**WORK INSTRUCTION:** Once a line is found to contain "Ikon", copy it out of the listing.

**DATA SHOWN:**
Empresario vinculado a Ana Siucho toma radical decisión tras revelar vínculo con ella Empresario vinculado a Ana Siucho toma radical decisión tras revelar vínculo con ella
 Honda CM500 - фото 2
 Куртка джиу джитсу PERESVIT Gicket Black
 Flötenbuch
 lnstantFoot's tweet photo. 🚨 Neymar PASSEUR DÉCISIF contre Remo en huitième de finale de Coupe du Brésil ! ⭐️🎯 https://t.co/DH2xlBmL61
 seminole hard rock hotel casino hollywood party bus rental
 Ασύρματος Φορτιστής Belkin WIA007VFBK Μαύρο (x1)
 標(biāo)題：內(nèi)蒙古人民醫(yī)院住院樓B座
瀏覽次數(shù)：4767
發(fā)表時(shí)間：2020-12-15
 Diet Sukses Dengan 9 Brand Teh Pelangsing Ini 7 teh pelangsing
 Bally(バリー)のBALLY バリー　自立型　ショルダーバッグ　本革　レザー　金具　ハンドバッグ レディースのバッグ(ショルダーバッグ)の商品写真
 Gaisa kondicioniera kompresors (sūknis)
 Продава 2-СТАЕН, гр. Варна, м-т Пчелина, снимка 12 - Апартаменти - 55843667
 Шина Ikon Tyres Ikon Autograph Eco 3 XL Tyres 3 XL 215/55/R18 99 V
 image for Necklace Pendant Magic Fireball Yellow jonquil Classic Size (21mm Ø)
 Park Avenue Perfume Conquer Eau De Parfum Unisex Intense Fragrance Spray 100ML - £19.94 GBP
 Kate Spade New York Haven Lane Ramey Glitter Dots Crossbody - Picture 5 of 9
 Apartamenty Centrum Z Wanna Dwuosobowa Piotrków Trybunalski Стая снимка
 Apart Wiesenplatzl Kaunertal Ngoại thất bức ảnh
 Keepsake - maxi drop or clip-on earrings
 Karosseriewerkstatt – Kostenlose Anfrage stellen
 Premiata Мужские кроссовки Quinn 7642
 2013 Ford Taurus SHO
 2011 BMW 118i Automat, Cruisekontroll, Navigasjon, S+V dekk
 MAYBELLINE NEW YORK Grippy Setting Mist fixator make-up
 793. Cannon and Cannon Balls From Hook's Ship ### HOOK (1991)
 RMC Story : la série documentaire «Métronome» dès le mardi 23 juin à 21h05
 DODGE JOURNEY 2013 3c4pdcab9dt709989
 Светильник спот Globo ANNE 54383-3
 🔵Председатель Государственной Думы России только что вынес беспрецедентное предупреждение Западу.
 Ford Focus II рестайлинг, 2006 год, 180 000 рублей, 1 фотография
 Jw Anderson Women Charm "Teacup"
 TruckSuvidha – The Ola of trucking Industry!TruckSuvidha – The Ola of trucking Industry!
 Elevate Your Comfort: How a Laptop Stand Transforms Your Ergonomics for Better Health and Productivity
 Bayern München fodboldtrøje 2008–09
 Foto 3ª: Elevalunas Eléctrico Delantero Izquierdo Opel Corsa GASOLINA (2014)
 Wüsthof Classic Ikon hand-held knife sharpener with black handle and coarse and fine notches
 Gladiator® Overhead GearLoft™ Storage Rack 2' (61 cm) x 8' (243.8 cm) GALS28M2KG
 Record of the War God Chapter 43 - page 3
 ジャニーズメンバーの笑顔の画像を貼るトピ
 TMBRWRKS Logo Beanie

**TASK RESPONSE:**
 Шина Ikon Tyres Ikon Autograph Eco 3 XL Tyres 3 XL 215/55/R18 99 V
 Wüsthof Classic Ikon hand-held knife sharpener with black handle and coarse and fine notches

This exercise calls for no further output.